Dataset excerpts: Begin

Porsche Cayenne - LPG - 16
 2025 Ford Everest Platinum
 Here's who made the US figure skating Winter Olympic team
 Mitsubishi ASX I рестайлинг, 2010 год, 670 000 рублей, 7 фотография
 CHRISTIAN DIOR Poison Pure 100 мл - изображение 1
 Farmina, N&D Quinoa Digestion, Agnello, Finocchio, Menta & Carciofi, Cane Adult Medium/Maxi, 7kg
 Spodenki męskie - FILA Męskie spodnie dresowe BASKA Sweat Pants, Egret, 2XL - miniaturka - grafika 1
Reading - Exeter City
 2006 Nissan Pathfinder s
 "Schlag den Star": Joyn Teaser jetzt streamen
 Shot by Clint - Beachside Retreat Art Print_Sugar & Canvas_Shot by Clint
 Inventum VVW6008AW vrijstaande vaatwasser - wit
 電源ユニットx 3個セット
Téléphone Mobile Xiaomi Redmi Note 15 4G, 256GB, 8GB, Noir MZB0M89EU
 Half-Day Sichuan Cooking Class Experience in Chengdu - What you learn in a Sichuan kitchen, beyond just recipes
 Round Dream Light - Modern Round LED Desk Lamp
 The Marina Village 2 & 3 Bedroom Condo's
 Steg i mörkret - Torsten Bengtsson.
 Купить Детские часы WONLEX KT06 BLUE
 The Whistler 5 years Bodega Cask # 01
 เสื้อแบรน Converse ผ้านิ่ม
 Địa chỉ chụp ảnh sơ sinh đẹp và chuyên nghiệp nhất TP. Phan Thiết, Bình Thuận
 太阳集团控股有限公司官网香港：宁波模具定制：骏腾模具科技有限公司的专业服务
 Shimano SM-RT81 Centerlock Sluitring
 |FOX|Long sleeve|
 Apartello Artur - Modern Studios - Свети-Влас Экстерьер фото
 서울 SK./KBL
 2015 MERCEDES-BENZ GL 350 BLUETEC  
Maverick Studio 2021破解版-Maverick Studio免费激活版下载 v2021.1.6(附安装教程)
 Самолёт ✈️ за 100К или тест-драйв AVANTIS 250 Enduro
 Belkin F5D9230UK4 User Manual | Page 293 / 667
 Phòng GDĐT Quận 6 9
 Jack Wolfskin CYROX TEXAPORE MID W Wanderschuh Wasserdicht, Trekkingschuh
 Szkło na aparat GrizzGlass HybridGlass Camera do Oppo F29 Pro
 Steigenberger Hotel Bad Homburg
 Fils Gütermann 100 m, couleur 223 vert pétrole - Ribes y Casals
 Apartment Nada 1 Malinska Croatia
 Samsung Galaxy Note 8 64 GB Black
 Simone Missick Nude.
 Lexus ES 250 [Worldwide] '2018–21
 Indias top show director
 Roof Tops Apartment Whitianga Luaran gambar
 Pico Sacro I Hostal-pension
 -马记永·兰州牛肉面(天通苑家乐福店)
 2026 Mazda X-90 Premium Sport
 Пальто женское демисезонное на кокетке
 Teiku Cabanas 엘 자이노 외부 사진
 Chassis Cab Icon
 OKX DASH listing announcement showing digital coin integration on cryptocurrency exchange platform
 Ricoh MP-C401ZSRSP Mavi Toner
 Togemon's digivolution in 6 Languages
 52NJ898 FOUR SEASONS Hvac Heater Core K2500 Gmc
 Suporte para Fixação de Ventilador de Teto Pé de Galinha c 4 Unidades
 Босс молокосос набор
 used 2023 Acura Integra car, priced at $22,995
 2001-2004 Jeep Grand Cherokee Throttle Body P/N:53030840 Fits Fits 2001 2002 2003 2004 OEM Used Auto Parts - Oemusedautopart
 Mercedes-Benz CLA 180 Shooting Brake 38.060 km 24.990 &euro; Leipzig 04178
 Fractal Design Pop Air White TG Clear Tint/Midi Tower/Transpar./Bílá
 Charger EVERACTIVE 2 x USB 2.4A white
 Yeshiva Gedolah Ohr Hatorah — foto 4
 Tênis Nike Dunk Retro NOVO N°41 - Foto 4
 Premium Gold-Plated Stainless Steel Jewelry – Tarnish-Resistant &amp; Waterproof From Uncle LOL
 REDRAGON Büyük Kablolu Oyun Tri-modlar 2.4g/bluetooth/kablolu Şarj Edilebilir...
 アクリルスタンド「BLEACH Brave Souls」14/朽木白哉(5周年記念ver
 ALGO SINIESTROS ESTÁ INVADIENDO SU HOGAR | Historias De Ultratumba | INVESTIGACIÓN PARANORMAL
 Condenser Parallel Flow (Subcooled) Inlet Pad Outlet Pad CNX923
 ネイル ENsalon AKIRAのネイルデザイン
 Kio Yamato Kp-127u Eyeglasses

Dataset excerpts: End

## What you are asked to do
Beginning at the line that contains "Fractal Design Pop", reproduce every line down to the last line of the entries above, exactly and only those.

## Result of this task
 Fractal Design Pop Air White TG Clear Tint/Midi Tower/Transpar./Bílá
 Charger EVERACTIVE 2 x USB 2.4A white
 Yeshiva Gedolah Ohr Hatorah — foto 4
 Tênis Nike Dunk Retro NOVO N°41 - Foto 4
 Premium Gold-Plated Stainless Steel Jewelry – Tarnish-Resistant &amp; Waterproof From Uncle LOL
 REDRAGON Büyük Kablolu Oyun Tri-modlar 2.4g/bluetooth/kablolu Şarj Edilebilir...
 アクリルスタンド「BLEACH Brave Souls」14/朽木白哉(5周年記念ver
 ALGO SINIESTROS ESTÁ INVADIENDO SU HOGAR | Historias De Ultratumba | INVESTIGACIÓN PARANORMAL
 Condenser Parallel Flow (Subcooled) Inlet Pad Outlet Pad CNX923
 ネイル ENsalon AKIRAのネイルデザイン
 Kio Yamato Kp-127u Eyeglasses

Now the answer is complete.